CentraleSupélec is an internationally-reputed Higher Education and Research Institution. Its excellence lies in its combination of fundamental and applied sciences for innovation with societal impact. For almost two centuries, CentraleSupélec's top engineers have been practicing their skills and knowledge for the development of corporate institutions and public organizations.
Our Professor Fragkiskos Malliaros from CVN laboratory awarded
The work of our Professor Fragkiskos Malliaros from our CVN laboratory along with Konstantinos Skianis (Ph.D. Student at LIX, Ecole Polytechnique) and Michalis Vazirgiannis (Professor at LIX, Ecole Polytechnique) on graph-based text categorization received the best paper award at the the Annual Conference of the North American Chapter of the Association for Computational Linguistics held in New Orleans, USA, June 1 to June 6, 2018.
Title of the paper: 'Fusing Document, Collection and Label Graph-based Representations with Word Embeddings for Text Classification'.
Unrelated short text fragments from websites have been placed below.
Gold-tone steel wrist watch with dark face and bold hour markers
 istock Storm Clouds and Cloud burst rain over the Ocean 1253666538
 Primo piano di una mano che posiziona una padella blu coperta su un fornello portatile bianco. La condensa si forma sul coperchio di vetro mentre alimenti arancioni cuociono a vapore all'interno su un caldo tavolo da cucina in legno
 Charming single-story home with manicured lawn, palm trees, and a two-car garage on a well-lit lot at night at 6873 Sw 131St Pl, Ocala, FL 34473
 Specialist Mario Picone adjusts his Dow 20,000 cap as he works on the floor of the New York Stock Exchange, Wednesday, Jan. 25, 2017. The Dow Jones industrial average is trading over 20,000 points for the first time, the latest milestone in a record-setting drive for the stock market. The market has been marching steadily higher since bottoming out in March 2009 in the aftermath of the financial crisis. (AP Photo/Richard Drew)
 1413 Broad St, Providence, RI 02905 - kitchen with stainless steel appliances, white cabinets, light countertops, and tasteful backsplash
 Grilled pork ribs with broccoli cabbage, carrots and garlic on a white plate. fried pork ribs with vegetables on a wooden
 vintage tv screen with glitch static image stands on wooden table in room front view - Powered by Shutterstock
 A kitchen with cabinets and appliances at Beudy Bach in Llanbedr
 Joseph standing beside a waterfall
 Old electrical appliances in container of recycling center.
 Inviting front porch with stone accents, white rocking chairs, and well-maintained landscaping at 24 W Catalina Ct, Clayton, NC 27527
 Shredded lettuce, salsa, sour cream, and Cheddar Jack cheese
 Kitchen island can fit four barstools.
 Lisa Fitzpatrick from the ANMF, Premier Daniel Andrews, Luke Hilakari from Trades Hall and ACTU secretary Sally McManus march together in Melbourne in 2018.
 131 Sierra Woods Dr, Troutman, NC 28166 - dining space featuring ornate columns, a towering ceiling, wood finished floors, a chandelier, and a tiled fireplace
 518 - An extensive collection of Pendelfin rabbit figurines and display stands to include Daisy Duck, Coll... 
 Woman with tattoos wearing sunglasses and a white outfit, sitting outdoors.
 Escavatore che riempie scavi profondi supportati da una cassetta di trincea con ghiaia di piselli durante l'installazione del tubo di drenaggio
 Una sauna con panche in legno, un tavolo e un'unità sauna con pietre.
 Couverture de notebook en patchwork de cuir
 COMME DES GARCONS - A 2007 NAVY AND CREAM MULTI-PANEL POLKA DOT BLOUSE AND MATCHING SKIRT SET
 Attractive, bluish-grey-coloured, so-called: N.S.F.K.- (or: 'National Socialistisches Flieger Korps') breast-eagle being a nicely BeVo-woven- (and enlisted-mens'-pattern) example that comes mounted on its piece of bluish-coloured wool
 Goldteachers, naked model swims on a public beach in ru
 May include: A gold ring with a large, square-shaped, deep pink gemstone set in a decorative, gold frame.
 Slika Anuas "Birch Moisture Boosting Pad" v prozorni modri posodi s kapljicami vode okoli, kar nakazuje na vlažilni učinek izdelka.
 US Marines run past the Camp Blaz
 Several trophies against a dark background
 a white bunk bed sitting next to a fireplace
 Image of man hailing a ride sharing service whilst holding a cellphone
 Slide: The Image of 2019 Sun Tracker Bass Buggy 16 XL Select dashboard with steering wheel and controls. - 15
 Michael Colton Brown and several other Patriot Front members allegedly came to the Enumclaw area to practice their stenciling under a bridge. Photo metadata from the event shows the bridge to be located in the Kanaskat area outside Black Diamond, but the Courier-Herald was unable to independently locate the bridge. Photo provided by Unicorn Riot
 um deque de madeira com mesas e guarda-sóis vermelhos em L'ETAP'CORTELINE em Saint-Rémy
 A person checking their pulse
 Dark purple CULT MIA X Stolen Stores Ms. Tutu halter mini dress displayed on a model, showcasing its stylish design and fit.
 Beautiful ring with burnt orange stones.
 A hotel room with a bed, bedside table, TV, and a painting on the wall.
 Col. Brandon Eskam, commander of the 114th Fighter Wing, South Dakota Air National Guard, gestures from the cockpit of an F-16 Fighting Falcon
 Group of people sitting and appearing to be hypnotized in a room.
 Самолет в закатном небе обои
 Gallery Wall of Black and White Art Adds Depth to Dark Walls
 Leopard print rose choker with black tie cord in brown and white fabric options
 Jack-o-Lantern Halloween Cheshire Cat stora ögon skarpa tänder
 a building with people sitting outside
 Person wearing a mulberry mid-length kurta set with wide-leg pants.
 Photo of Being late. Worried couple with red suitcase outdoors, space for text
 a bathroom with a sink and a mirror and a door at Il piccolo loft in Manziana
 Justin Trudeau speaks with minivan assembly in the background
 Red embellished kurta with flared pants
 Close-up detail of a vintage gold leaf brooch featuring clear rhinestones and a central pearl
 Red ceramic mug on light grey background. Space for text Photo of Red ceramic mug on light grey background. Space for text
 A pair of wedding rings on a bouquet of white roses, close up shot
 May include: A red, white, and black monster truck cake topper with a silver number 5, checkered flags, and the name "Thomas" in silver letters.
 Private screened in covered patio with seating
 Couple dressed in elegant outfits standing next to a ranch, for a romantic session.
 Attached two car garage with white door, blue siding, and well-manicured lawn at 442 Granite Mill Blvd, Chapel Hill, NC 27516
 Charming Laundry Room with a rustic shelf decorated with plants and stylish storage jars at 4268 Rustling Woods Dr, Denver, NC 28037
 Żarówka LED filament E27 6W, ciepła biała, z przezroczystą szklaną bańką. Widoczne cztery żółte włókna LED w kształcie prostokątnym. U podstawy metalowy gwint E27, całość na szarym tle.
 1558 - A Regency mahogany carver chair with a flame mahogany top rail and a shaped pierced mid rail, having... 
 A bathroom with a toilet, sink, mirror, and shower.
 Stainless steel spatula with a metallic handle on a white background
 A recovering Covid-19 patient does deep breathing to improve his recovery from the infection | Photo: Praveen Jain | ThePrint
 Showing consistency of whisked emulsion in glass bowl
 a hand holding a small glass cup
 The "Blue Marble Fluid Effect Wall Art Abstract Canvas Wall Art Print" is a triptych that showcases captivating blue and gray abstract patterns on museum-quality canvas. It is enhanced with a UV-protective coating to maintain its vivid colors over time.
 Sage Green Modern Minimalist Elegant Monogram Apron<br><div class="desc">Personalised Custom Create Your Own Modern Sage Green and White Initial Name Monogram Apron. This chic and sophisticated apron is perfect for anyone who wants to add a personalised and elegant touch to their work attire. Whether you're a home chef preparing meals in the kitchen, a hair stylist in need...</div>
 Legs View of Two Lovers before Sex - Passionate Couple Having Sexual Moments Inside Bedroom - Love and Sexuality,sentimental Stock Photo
Summary: With the rapid growth of social media and networking platforms, the available textual resources have been increased. Text categorization refers to the machine learning task of assigning a document to a set of two or more predefined categories (or classes). A particularly well-known application is the one of sentiment analysis, i.e., the process of computationally identifying and categorizing opinions expressed in a piece of text (e.g., positive, negative, or neutral). The goal of our work is to use graph mining techniques to enhance the task of text categorization. Building upon the fact that graphs can be used to represent textual content, in our work we propose a graph-based framework for text categorization. In particular, we extract graphs from text, where the nodes correspond to terms and the edges capture term co-occurrence relationships –- addressing the term-independence assumption widely considered in many natural language processing tasks. Our methods outperform existing text categorization approaches in various applications (e.g., subjectivity detection and opinion mining in movie reviews), and could further be applied in other text analytics domains, such as the ones of information retrieval and web search.